Hey, the BAA Did Do the Right Thing

A few weeks after the Boston marathon, its organizers corrected a glaring oversight.

Speaking of marathons, back in May, I wrote about the Boston Marathon failing to award prizes to several of the fastest female finishers.

At this year’s Boston Marathon, 3 women finished in the top 15 fastest times, yet did not receive prize money. The problem is the rather strange eligibility rules for women…I keep hoping the Boston Athletic Association [BAA] will step up and make things right. Perhaps with enough publicity, they’ll spend the extra money to cover double prizes this year, then fix the problem for the 2019 race.

I published the above on May 2. The very next day, the BAA did indeed step up and do the right thing, almost certainly in response to my post.1 The Vox article I originally linked back in May has since been updated, with the following information:

On Thursday [May 3rd], the marathon announced the women would be awarded the prize money anyway.

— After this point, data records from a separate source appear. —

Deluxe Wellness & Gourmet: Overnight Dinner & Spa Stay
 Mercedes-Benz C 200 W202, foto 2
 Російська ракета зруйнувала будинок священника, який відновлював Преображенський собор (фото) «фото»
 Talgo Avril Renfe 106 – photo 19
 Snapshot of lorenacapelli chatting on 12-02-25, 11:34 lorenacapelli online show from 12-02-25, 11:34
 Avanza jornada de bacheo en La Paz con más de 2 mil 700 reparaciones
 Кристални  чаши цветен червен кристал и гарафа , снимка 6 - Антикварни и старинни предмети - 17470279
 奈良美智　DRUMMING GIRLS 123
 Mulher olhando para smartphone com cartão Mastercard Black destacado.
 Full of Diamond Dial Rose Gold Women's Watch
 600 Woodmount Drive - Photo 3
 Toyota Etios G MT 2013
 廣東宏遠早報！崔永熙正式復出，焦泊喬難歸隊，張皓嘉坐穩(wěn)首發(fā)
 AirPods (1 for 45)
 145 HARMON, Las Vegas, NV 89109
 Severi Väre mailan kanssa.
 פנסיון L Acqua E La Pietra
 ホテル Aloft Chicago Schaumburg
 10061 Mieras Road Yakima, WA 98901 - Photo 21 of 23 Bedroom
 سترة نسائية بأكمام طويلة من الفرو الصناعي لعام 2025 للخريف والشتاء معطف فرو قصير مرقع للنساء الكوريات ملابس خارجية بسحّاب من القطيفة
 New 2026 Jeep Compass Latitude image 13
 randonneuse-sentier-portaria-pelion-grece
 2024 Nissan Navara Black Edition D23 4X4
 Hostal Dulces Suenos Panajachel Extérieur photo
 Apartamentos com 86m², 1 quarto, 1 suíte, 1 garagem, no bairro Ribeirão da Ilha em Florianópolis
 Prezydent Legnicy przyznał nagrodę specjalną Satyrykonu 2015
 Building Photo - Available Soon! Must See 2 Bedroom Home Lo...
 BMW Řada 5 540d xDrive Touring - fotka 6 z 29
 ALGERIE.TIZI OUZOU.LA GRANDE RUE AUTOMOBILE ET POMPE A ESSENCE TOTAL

The Boston Athletic Association, which runs the marathon, said that it will award three women whose times ranked them within the top 15 finishers and two women who finished within the over-40 “Master’s Division” the prize money correspondent to their placements, even though they did not race in the “elite” women’s race. “Given the nature of this year’s race, we want to recognize and celebrate some of the performances that made this year’s race special,” the BAA said in a statement. It also said it would “consider all facts of the race … and any alterations that should be made” in the weeks to come, though it wants to still have a separate race for women.

I missed this announcement back in May, but it’s still worth recognizing now. Well done, BAA.